British period[edit]

From the very early days of British rule, the tribesmen resented the British encroachments upon their tribal system. They were found resisting or supporting their brethren of Tamar and Jhalda in rebellion. Nor did their raja welcome the British administrative innovations.[32] Beginning in the 18th century, the British added to the consolidation of feudalism in India, first under the Jagirdari system and then under the zamindari system.[33] Beginning with the Permanent Settlement imposed by the British in Bengal and Bihar, which later became the template for a deepening of feudalism throughout India, the older social and economic system in the country began to alter radically.[34][35] Land, both forest areas belonging to adivasis and settled farmland belonging to non-adivasi peasants, was rapidly made the legal property of British-designated zamindars (landlords), who in turn moved to extract the maximum economic benefit possible from their newfound property and subjects.[36] Adivasi lands sometimes experienced an influx of non-local settlers, often brought from far away (as in the case of Muslims and Sikhs brought to Kol territory)[37] by the zamindars to better exploit local land, forest and labour.[33][34] Deprived of the forests and resources they traditionally depended on and sometimes coerced to pay taxes, many adivasis were forced to borrow at usurious rates from moneylenders, often the zamindars themselves.[38][39] When they were unable to pay, that forced them to become bonded labourers for the zamindars.[40] Often, far from paying off the principal of their debt, they were unable even to offset the compounding interest, and this was made the justification for their children working for the zamindar after the death of the initial borrower.[40] In the case of the Andamanese adivasis, long isolated from the outside world in autonomous societies, mere contact with outsiders was often sufficient to set off deadly epidemics in tribal populations,[41] and it is alleged that some sections of the British government directly attempted to destroy some tribes.[42]

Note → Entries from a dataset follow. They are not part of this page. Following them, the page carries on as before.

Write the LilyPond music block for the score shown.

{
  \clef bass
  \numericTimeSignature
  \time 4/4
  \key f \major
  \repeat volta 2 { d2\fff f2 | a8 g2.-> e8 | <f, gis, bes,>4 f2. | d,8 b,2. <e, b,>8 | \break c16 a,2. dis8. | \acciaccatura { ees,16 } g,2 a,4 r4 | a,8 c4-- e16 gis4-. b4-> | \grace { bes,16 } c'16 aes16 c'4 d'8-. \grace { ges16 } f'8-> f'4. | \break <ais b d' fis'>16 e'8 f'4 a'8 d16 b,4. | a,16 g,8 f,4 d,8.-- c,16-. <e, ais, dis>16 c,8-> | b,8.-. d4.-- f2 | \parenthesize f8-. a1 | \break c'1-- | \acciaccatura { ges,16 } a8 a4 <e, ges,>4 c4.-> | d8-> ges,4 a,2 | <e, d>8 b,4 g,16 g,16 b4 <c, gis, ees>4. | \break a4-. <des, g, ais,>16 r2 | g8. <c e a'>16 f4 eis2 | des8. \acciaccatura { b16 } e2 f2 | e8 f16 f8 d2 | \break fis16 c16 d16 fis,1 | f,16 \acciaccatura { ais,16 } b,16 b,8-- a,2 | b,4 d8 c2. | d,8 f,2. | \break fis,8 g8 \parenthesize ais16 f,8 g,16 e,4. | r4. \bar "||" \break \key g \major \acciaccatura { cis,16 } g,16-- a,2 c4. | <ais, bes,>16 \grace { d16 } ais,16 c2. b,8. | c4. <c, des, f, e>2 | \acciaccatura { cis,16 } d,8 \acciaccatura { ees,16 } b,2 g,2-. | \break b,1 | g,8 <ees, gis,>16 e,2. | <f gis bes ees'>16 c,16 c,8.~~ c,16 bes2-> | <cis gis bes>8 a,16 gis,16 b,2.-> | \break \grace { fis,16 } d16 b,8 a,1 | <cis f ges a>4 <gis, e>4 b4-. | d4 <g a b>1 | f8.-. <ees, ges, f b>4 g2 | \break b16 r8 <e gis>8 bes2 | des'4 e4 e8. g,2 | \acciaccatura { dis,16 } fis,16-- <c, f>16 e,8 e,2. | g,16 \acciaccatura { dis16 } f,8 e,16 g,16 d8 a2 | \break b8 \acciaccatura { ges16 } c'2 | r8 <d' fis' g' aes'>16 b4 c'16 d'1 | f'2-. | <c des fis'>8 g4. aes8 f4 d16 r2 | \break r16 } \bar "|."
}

Land dispossession and subjugation by British and zamindar interests resulted in a number of adivasi revolts in the late eighteenth and early nineteenth centuries, such as the Santal hul (or Santhal rebellion) of 1855–56.[43] Although these were suppressed ruthlessly by the governing British authority (the East India Company prior to 1858, and the British government after 1858), partial restoration of privileges to adivasi elites (e.g. to Mankis, the leaders of Munda tribes) and some leniency in tax burdens resulted in relative calm, despite continuing and widespread dispossession, from the late nineteenth century onwards.[37][44] The economic deprivation, in some cases, triggered internal adivasi migrations within India that would continue for another century, including as labour for the emerging tea plantations in Assam.[45]

Participation in Indian independence movement[edit]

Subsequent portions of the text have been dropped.